First, we defined a DTO[E, D] type class to describe the predicate that an element of type E has a DTO of type D and a conversion between the two can be performed. We also wrote some basic instances for base types such as DTO[Int, Int] or DTO[String, String] (meaning that base types like Int and String are already considered as DTOs). With this simple setup we started defining the conversion methods but quickly realized the code was very repetitive; consider the following example:

Consider the following core domain concepts:

final case class ProductionPlan(plan: NonEmptyList[ProductionPlanItem])
final case class ProductionPlanItem(productToProduce: Product, units: NumberOfUnits)

And their DTOs:

final case class ProductionPlanDTO(productsToProduce: List[ProductToProduceDTO])
final case class ProductToProduceDTO(product: ProductDTO, units: Int)

The DTOs closely mirror the case class structure but only use easy-to-serialize primitive types, simple collections or other DTOs. The encoding/decoding code would simply encode/decode each individual field recursively using the appropriate DTO instances.
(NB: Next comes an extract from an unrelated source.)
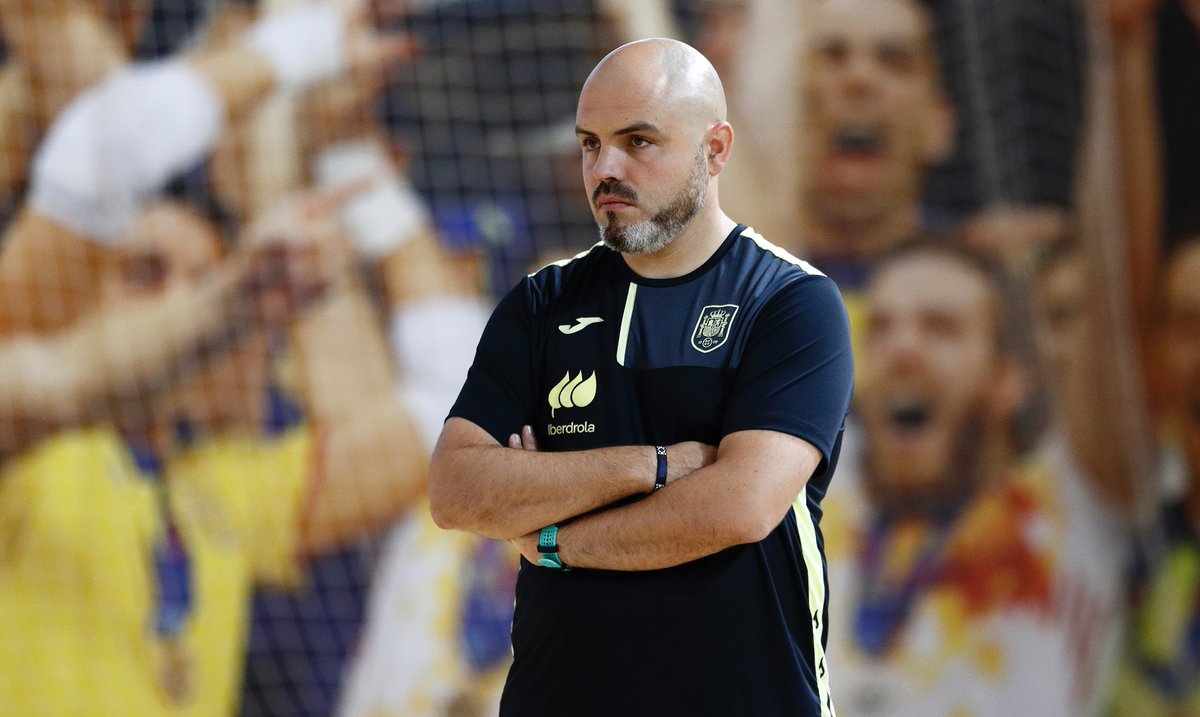 FutSalRFEF's tweet image. 🚨 Iɴ̃ɪɢᴏ Mᴀʀᴛɪ́ɴᴇᴢ ᴅᴀ ʟᴀ ʟɪsᴛᴀ ᴅᴇ ʟᴀ sᴜʙ-15 ꜰᴇᴍᴇɴɪɴᴀ

➡️ Las jornadas de entrenamiento se desarrollarán del 25 al 28 de mayo en Las Rozas

🔗 rfef.es/es/noticias/in…

#FutsalEspaña #NuestraBase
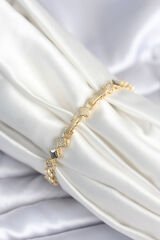 Pirinç Gold Renk Zirkon Taşlı Yonca Model Kadın Bileklik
The code would repeat in the exact same way for each domain case class:

given DTO[DomainCaseClass, DTOCaseClass] with
  def dtoToDomain(dto: DTOCaseClass): Either[String, DomainCaseClass] = for 
    field1 <- dto.field1.decode(using DTO[TypeOfField1, TypeOfDTOField1])
    ... 
    fieldN <- dto.fieldN.decode(using DTO[TypeOfFieldN, TypeOfDTOFieldN])
  yield DomainCaseClass(field1, ..., fieldN)
 def domainToDto(domain: DomainCaseClass): DTOCaseClass = DTOCaseClass(
   domain.field1.encode(using DTO[TypeOfField1, TypeOfDTOField1]),
   ...,
   domain.fieldN.encode(using DTO[TypeOfFieldN, TypeOfDTOFieldN]),
  )

We devised some methods to automatically generate this boilerplate-y code using some of Scala 3's meta programming capabilities:

given DTO[DomainCaseClass, DTOCaseClass] = productTypeDTO

HTTP API

Some bounded contexts required implementing an HTTP API, we decided to leverage the tapir library. It provided many useful features:

• It integrates nicely with the cats library allowing us to keep writing monadic code using the IO monad
• It makes it possible to declaratively describe an endpoint and its associated route in a type-safe way
• It automatically generates the OpenAPI specification and enables a Swagger endpoint

After providing a declarative description of the API, implementing the server is as simple as providing a function with the described input and output using the IO monad. Therefore, we described the server logic using functions parametrized on any monad that can perform IO operations. This had the added benefit of allowing us to easily test the server logic mocking all the accesses to the database.